Wzięłam się za porządki przy okazji zmiany domeny bloga. Odkryłam straszny bajzel w moich notatkach. A myślałam, że jestem taka mega poukładana.

Testowałam rok temu piękny program One note. Przegapiłam w nim to, że kopiując z niego notatkę zapisuje się obraz a nie tekst.

Tak więc pozostaje mi tylko wkleić to co pisałam rok temu. Równiutko rok.

Jak dobrze, że wstałam dziś wcześniej to wszystko poogarniać. Wczoraj słuchałam kilka ciekawych podcastów, w tym jeden o wstawaniu rano. Co prawda żadnej z rad nie udało mi się wykorzystać, ale psychika to mega silna rzecz i coś jednak zapamiętałam z tej półgodzinnej audycji..

A teraz cofnijmy się o rok…

b_121338

Po roku widzę, że działam w dobrym kierunku. To poznanie metody konmari i chęci pozbywania się niepotrzebnych rzeczy, łącznie z wystawianiem rzeczy na aukcje, jest bardzo oczyszczające!

Rok temu postanowiłam, że będę działać w tym kierunku i bardzo dużo mi się udało. Już nie miewam domów tak zagraconych żeby nie można było do nich wejść. To zdanie, które napisałam może zadziwić moich znajomych, ale prawda jest taka, że albo miałam mega porządek albo mega bałagan. Gości zapraszałam tylko w tym pierwszym przypadku ;).

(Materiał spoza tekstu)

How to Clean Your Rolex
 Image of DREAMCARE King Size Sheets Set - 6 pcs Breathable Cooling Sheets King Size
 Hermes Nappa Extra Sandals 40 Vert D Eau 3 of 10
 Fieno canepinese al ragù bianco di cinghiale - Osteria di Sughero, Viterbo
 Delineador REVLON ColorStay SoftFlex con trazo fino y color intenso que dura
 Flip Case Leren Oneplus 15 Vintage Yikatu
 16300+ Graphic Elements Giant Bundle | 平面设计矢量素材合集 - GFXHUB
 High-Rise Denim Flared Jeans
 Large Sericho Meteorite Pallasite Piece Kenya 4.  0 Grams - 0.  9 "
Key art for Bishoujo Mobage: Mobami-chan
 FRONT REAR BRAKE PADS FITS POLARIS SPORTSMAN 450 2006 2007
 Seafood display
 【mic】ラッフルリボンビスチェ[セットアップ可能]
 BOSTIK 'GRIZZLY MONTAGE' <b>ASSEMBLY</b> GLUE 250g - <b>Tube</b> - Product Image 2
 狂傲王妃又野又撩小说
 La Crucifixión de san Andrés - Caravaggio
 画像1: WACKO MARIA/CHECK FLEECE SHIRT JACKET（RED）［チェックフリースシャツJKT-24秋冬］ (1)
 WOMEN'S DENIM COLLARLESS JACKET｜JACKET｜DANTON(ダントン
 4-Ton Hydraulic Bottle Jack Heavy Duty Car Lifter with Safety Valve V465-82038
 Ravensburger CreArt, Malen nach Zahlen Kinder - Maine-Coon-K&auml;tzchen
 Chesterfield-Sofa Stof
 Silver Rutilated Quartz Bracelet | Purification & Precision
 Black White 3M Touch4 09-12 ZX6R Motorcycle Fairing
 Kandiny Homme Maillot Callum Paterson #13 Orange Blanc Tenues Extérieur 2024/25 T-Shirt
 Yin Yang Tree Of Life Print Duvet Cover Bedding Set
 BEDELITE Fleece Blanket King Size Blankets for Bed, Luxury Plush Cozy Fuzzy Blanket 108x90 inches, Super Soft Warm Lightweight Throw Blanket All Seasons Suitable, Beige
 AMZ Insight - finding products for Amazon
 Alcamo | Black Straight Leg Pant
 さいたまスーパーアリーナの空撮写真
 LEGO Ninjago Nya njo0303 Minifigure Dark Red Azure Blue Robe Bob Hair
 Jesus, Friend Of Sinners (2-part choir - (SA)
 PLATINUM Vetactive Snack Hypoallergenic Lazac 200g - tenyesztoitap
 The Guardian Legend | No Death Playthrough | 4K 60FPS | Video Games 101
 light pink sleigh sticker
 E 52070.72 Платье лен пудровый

Dzięki tej metodzie bardzo rzadko szukam rzeczy. Nawet jak nie wiem gdzie coś faktycznie jest, to już wiem gdzie powinno być i po prostu zaglądam wtedy w to miejsce i znajduję. Z początku jednak musiałam sobie opisać półki żeby zapamiętać te moje postanowienia.

A w moich domach mam coraz więcej miejsca i w obu czuję się coraz lepiej. I tak nawet bardziej „domowo” w tym wynajmowanym.